**EXERCISE DATA:**
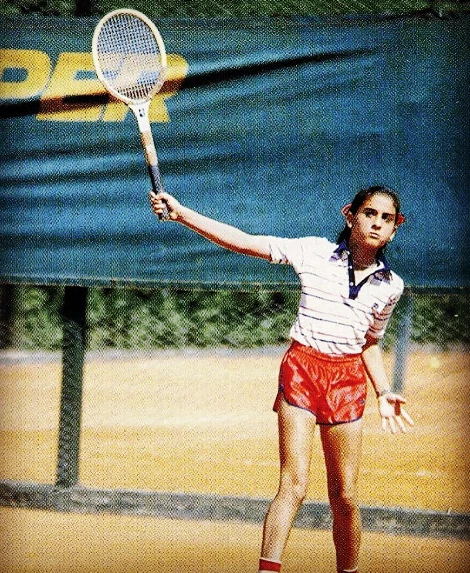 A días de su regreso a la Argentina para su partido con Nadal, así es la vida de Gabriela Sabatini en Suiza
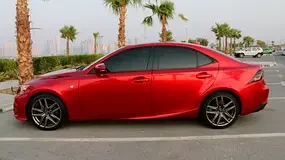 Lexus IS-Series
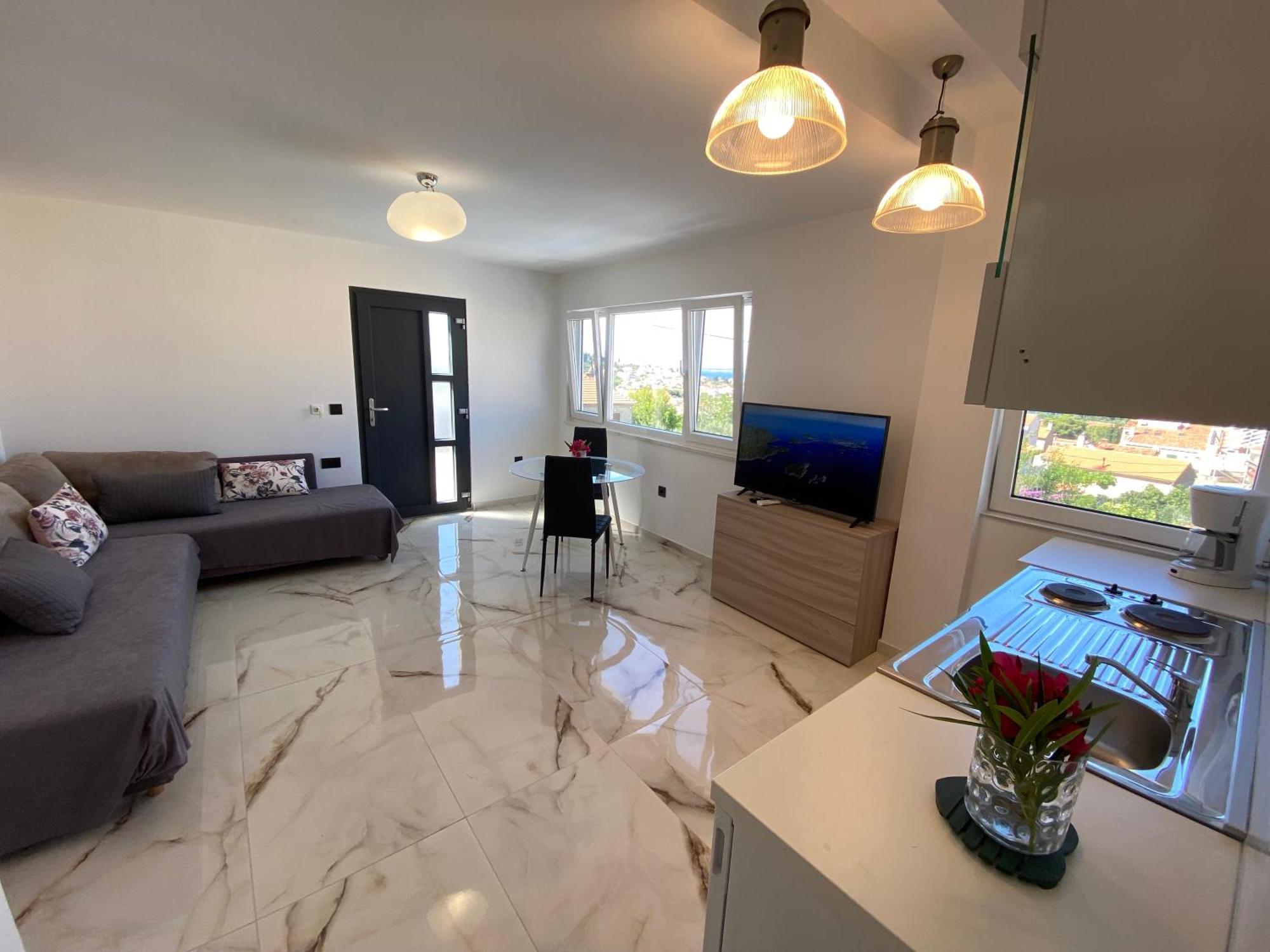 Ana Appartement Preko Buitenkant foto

**EXERCISE DIRECTIONS:**
Reproduce the data in full. Do not carry over any picture.

**REPLY TO THE TASK:**
 A días de su regreso a la Argentina para su partido con Nadal, así es la vida de Gabriela Sabatini en Suiza
 Lexus IS-Series
 Ana Appartement Preko Buitenkant foto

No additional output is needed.